Market regulator Sebi on Friday agreed “in-principle” to a proposal to move away from the concept of promoter to “controlling shareholders”, and decided to reduce the minimum lock-in period for promoters after an IPO.
The watchdog has also decided to streamline the disclosure requirement of group companies, the Securities and Exchange Board of India said in a statement after the board meeting.
The regulator is looking to move away from the concept of the promoter to “controlling shareholders” or person in control as nowadays several businesses, including new-age and tech companies, are non-family owned and do not have a distinctly identifiable promoter group.
About the lock-in period, Sebi said if the object of the issue involves an offer for sale or financing other than for capital expenditure for a project, the minimum promoters’ contribution of 20 per cent should be locked in for 18 months from the date of allotment in the initial public offer and follow on public offer. At present, the lock-in period is three years.
Further, in all these cases, the promoter shareholding above the minimum promoter contribution will be locked in for six months, instead of the existing one year.
The Sebi board also cleared amendments to regulations governing alternative investment funds.

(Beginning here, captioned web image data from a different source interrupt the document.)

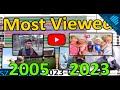 TOP 20 Most Viewed Videos on YouTube Under 1 Billion Views - 2005-2023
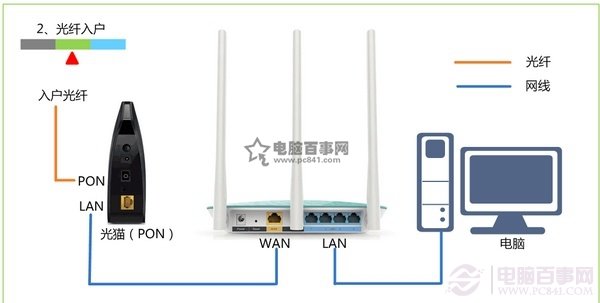 光釬上網時路由器的安裝方法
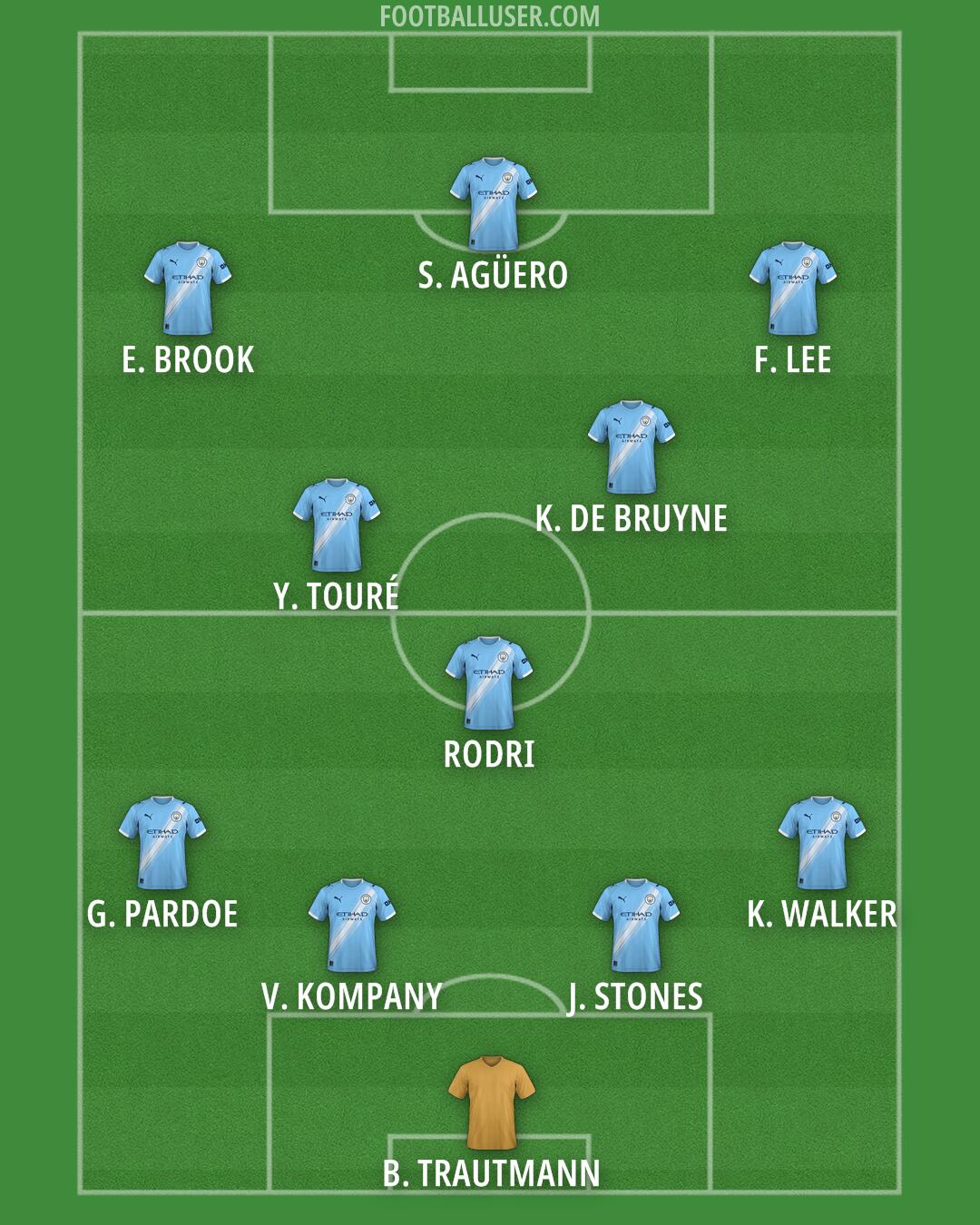 Man City Formation 2026
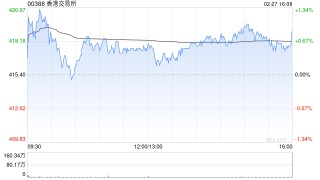 里昂：升香港交易所目标价至500港元 重申“跑赢大市”评级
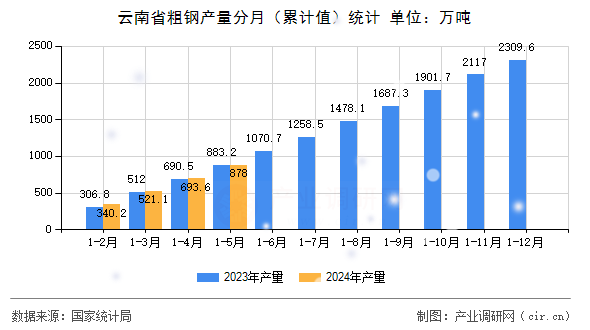 云南省粗鋼產(chǎn)量分月（累計值）統(tǒng)計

At a time many start-ups are attracting significant investments, including from overseas, Sebi has decided to provide relaxations on the quantum of sweat equity that can be issued to new-age technology companies listed on the Innovators Growth Platform.
In the case of IGP-listed companies, the yearly limit for sweat equity shares will be 15 per cent while the overall limit will be 50 per cent of the paid-up capital at any time.